What makes this project so exciting for you?
JMC:
After 72 years of scuba diving, it is exciting for me to see things in 3D on the big screen – things that I cannot see with the naked eye in the water. Bringing that to the attention of the public is one of the privileges that I am able to exercise thanks to my father and thanks to the technology that we are now able to use. My father, Jacques Cousteau, used to say, “People protect what they love,” and I kept saying, “How can you protect what you don’t understand?” We have explored maybe 5%, 6% or 7% of the ocean in shallow waters, but we don’t know anything about the hundreds of thousands of species that we have never seen up to now. Now we can go deeper and deeper, and discover a lot of species that we have never seen before, and that is exciting.

How deep did you dive?
JMC:
The film was shot at a maximum of 90 or 100 feet. But I want to go down and stay much longer; that’s why I have a suit that enables me to go down 1,000 feet in five minutes. I can spend ten hours down there, and I can move my hands and pick up samples. I have a high-definition camera on top of my head and LED lights. With my right leg, I can go forward, back, left and right, and with my left leg, I can go up and down. I can adjust the air and make sure the air that I am rebreathing is healthy. I can be back up at the surface in five minutes because I am protected from the pressure. 

In Australia, the Great Barrier Reef is undergoing a second bleaching. Do you think that people understand the urgency of protecting the reefs?
JMC:
 I think there are more and more people who do understand. What we need to do is to make sure that decision makers in governments and industries understand how we are connected to the environment and how much we depend on it. It is important to coach them and to reach their hearts, their families and their children. We have to help them to understand their obligations to the future. We need to keep the ocean healthy, and that will allow a lot of people to create new technologies to capture chemicals and heavy metals before they get into the ocean. By doing this, millions of new jobs will be created for people all over the planet. We need to take care of the life support system that is the ocean. If you make an analogy with business, the planet is our capital, but we are abusing the system and are heading down the path to bankruptcy.

Is Wonders of the Sea an educational movie?
Jean-Jacques Mantello:
The movie is family-orientated. Many environmental movies are too shocking for kids, so we decided to make a movie for kids, and we want them to fall in love with the ocean and those little creatures so that they will want to protect them. 

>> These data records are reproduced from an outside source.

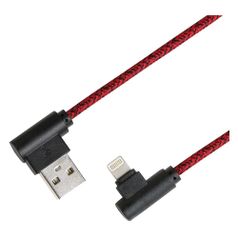 Кабель GAL 2629, Lightning (m) - USB (m), 1м, красный (1540552)
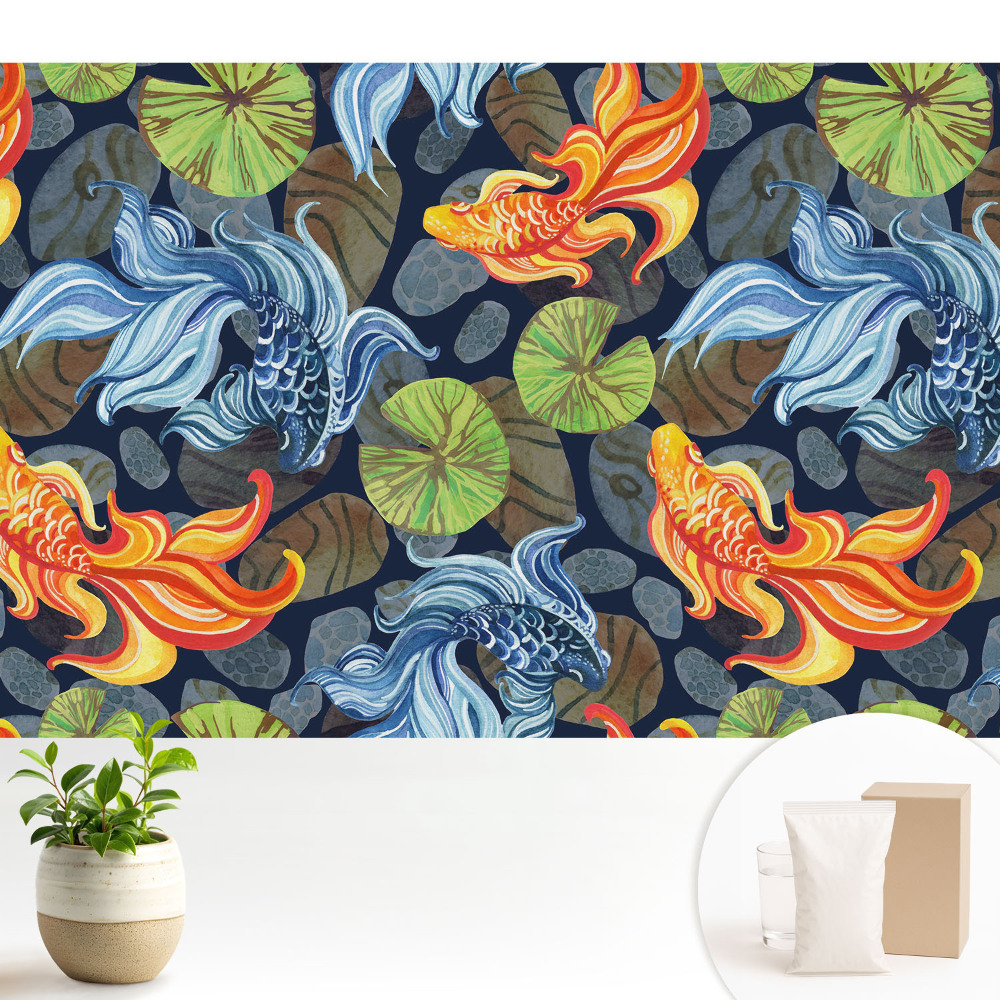 Samolepící tapeta s motivem kaprů koi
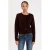 Cache Cache gebreid vest met wol – donkerbruin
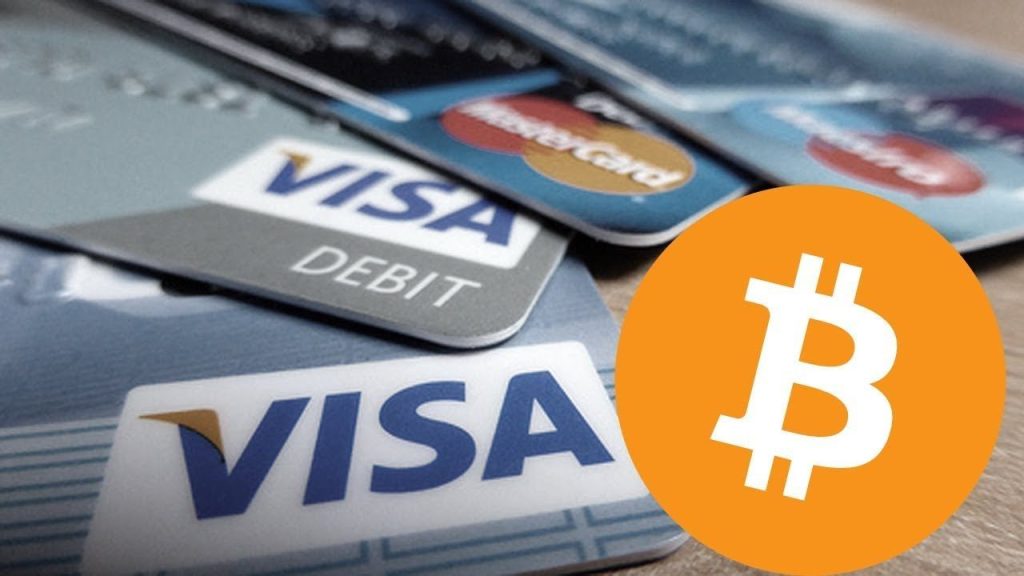 Converting crypto to fiat money by Visa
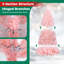 Arbre de Noël artificiel en sapin rose-250869140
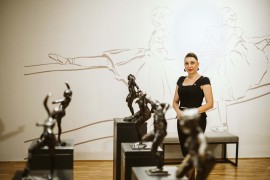 Posljednje stručno vođenje kroz izložbu "Figure u pokretu" u MSU RS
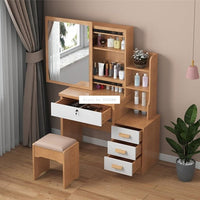 Thumbnail for Modern Dresser with Mirror and Lock Stool - Casatrail.com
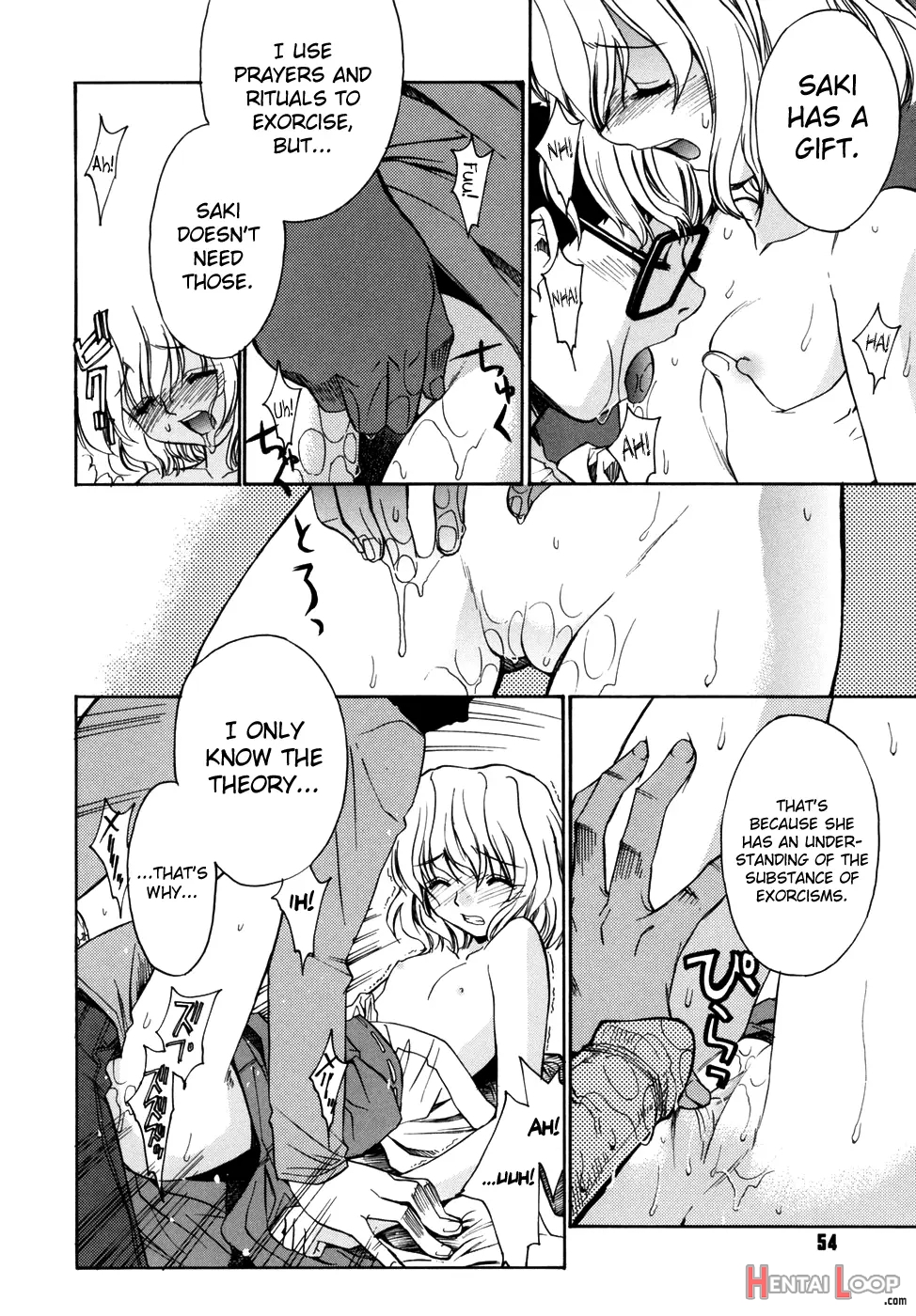 Tonari No Miko-san Wa Minna Warau page 56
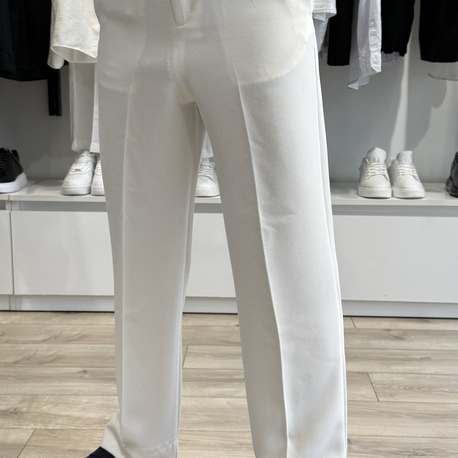 Baggy Yüksek Bel Pantolon Beyaz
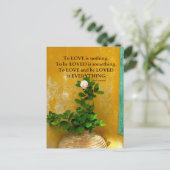 Grieks spreekwoordInspirerende liefde citaat Griek Briefkaart (Staand voorkant)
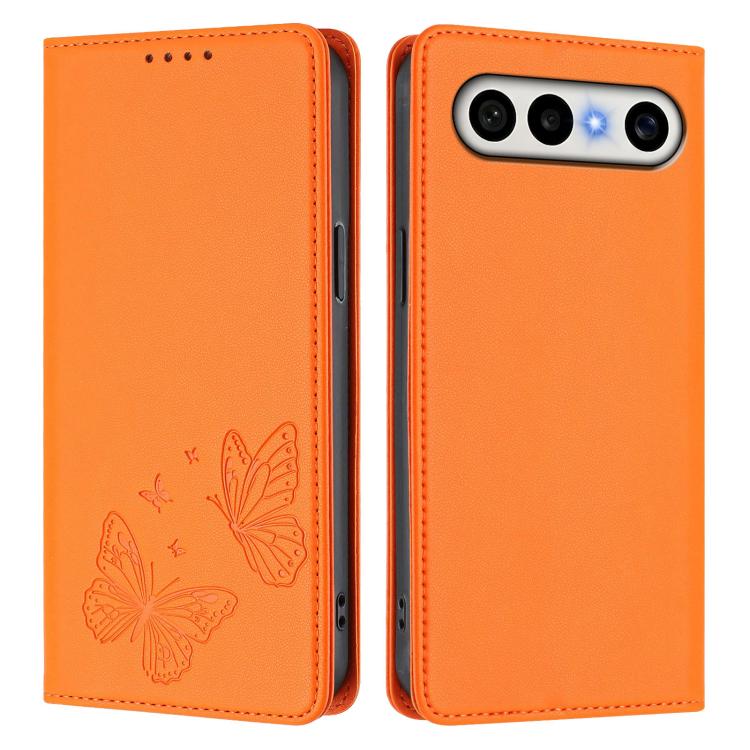 For vivo S50 Pro mini / X300 FE 5G  Russia Strong Magnetic Dual Butterfly RFID Vegan Leather Phone Case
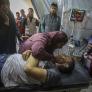 Al menos 50 muertos en un bombardeo israelí sobre un centro de desplazados en Rafah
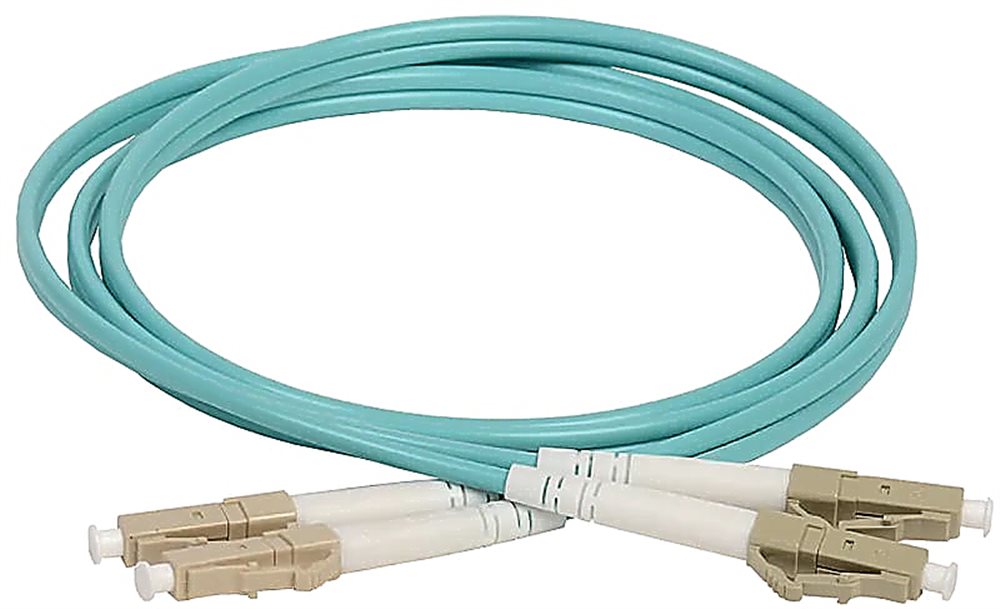 FPC5003-LCU-LCU-C2L-1M ITK Оптический коммутационный соединительный шнур (патч-корд), MM, 50/125 (OM3), LC/UPC-LC/UPC, (Duplex), 1м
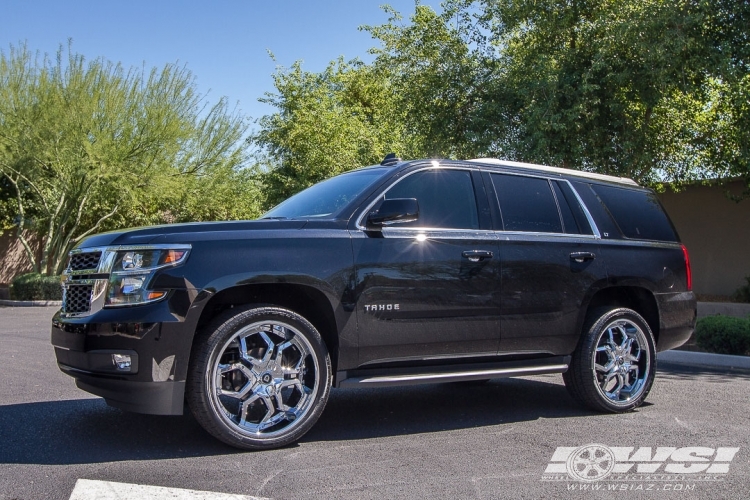 2015 Chevrolet Tahoe with 24" Lexani Hydra CVR in Chrome wheels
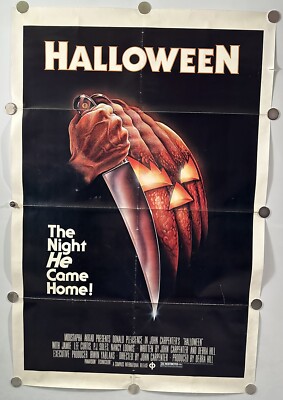 Original 1978 HALLOWEEN One Sheet Movie Poster 27X41 Inches | eBay
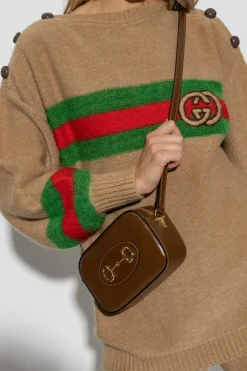Gucci BRĄZOWY Torba na ramię ‘1955 Horsebit Small’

How optimistic are you about the future?
JMC:
The choice is ours to make. We are the only species on the planet that has the privilege of deciding whether to disappear or not – there is no other species that can say that. Nature was there before we showed up as a species, and it can continue without us. A lot of people who will see Wonders of the Sea will ask, “What can I do to help?” And that’s what it’s all about.